---------- Material for this task

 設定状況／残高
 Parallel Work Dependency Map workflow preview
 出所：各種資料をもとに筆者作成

--------------------
---------- Material for this task

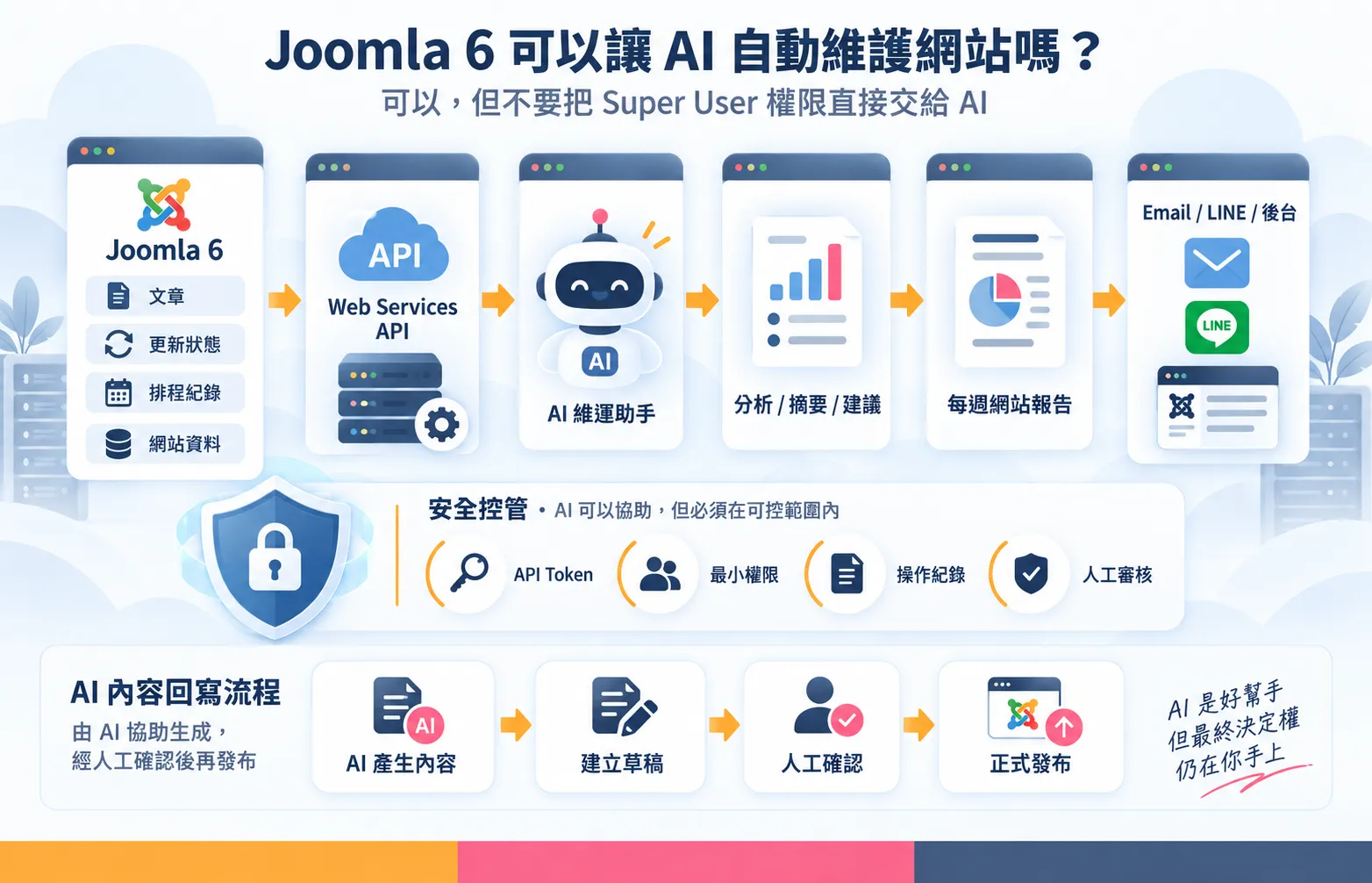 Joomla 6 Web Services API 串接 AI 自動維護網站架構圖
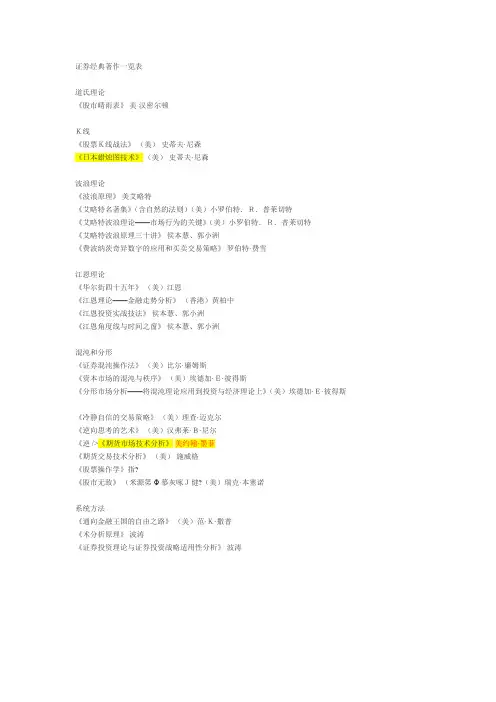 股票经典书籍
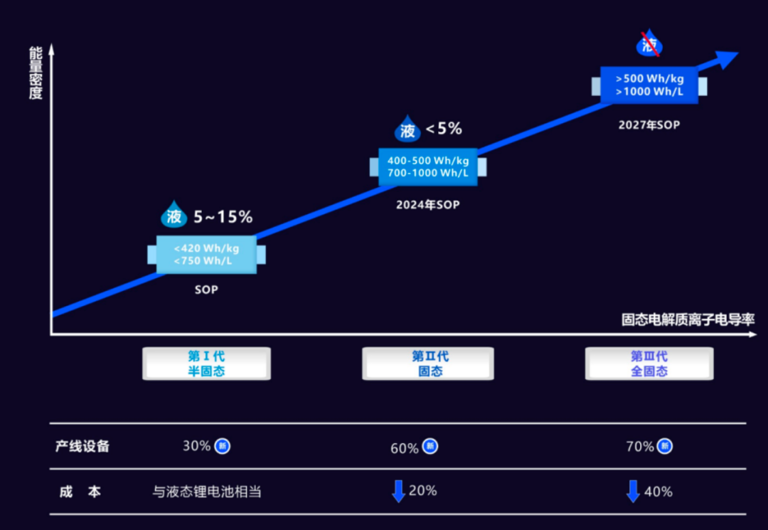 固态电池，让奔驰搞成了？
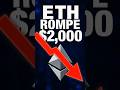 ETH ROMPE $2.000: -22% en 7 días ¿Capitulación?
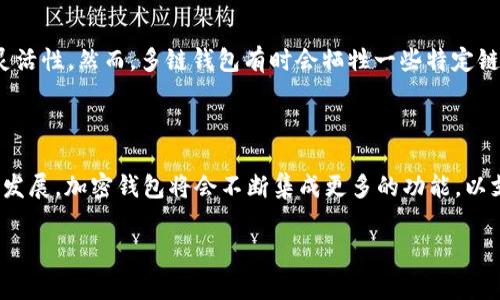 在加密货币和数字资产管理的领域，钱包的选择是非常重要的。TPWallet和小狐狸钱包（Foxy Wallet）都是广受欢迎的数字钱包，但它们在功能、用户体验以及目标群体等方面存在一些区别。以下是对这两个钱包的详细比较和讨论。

--------------------

Exercise instructions - Wherever the line holding "Parallel Work Dependency" falls in the entries above, copy exactly from it through the line holding "出所：各種資料をもとに筆者作成", inclusive, and add nothing.

Reply to the task -
 Parallel Work Dependency Map workflow preview
 出所：各種資料をもとに筆者作成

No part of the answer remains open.